和食の真髄 vol.111

投稿日:2014年3月07日

<蔵の様子>

3月4日、庭の梅

 3月3日、庭の梅が開花しました。桜の代表とも言える染井吉野より少し濃いピンクの花びらです。太陽の光は力を取り戻し、明るく花を照らします。芝生もほんの少し緑の葉を出し始めました。いよいよ春の訪れです。

 1月に仕込(原料を投入し攪拌する作業)を終えた大吟醸酒のもろみは先月中旬から順次搾り始め、今月上旬で5本目のタンクのもろみを搾り終えました。これらの内から一番良いものを選んで全国新酒鑑評会に出品します。審査は6月ですからそれまでの熟成管理が重要です。気の抜けないところです。

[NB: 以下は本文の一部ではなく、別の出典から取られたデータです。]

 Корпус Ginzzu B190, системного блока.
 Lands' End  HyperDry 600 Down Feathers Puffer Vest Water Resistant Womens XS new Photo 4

 一連の大吟醸の仕込が終わった後は、純米酒の仕込が続いています。全ての仕込作業が終わるのは今月末。それらのもろみを搾り終えるのは4月末。今シーズンの酒造りも先が見えてきました。

<今月の話題> 和食の真髄

 昨年12月、和食(日本の伝統的な食文化)がユネスコの世界無形文化遺産に登録されました。和食、或いは日本食は世界に広まっていますが、それを代表する寿司、天麩羅、すき焼き、しゃぶしゃぶが完成した時期を見てみましょう。

 これらの中で一番古いのが天麩羅。油で揚げるという文化が16世紀にポルトガルから伝わり、江戸時代(17〜19世紀)に今の形になります。

 握り寿司は19世紀前半に江戸で始まりました。

 すき焼きは明治時代(19世紀後半)に牛肉を食べる習慣が欧米から伝わってからです。

 しゃぶしゃぶに至っては、第2次世界大戦の後、中国の羊のしゃぶしゃぶの羊肉を牛肉に置き替えて日本料理の仲間入りをしたものです。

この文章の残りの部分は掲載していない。